In 2008 a wave of political unrest broke out across Tibetan regions in China. Characterized by street protests, inter-communal violence, and, later, by self-immolations, the political unrest was the most widespread since the annexation of Tibetan areas in the first decade of the People's Republic of China. And yet, although the unrest spread far and wide across the Tibet Plateau, not all areas were affected. This seminar draws on recent fieldwork in eastern Tibet to provide tentative answers to the question "why have some Tibetan localities mobilized politically while others have not?" Findings challenge previous scholarship on this subject, and shed light on political developments in Tibetan areas, including the dynamics of integration, state-society relations, the efficacy of China's nation-building project, and the prospects for further unrest.

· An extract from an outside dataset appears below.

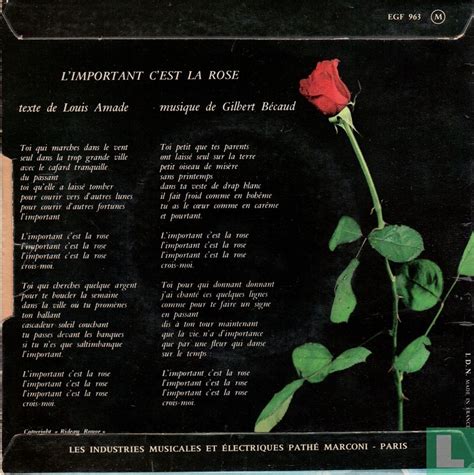 L Important C Est La Rose Ep Egf B Caud Gilbert Lastdodo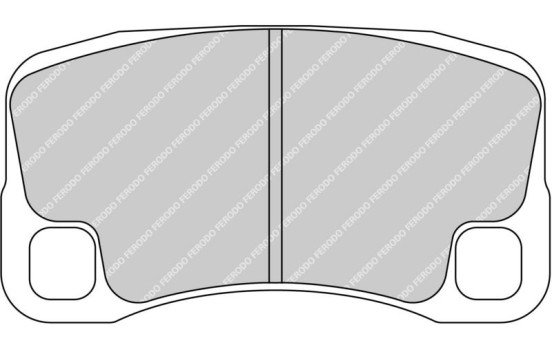 Jeu de plaquettes de frein, frein à disque FRP3143H Ferodo Racing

Ben Hillman of the Crawford School of Public Policy, Australian National University, is a comparative political scientist who specializes in ethnic politics and policies in China and Asia. He has worked as an advisor to Governments and the United Nations on peace building and post-conflict governance strategies. His book Patronage and Power: Local State Networks and Party-state Resilience in Rural China (Stanford University Press, 2014) examines local political institutions and decision-making in China’s ethnically diverse western regions. He is co-editor (with Gray Tuttle) of Ethnic Protest and Conflict in Tibet and Xinjiang: Unrest in China’s West (Columbia University Press, 2016). Dr. Hillman’s current research investigates the relationship between local patterns of governance and conflict in China’s Tibetan areas.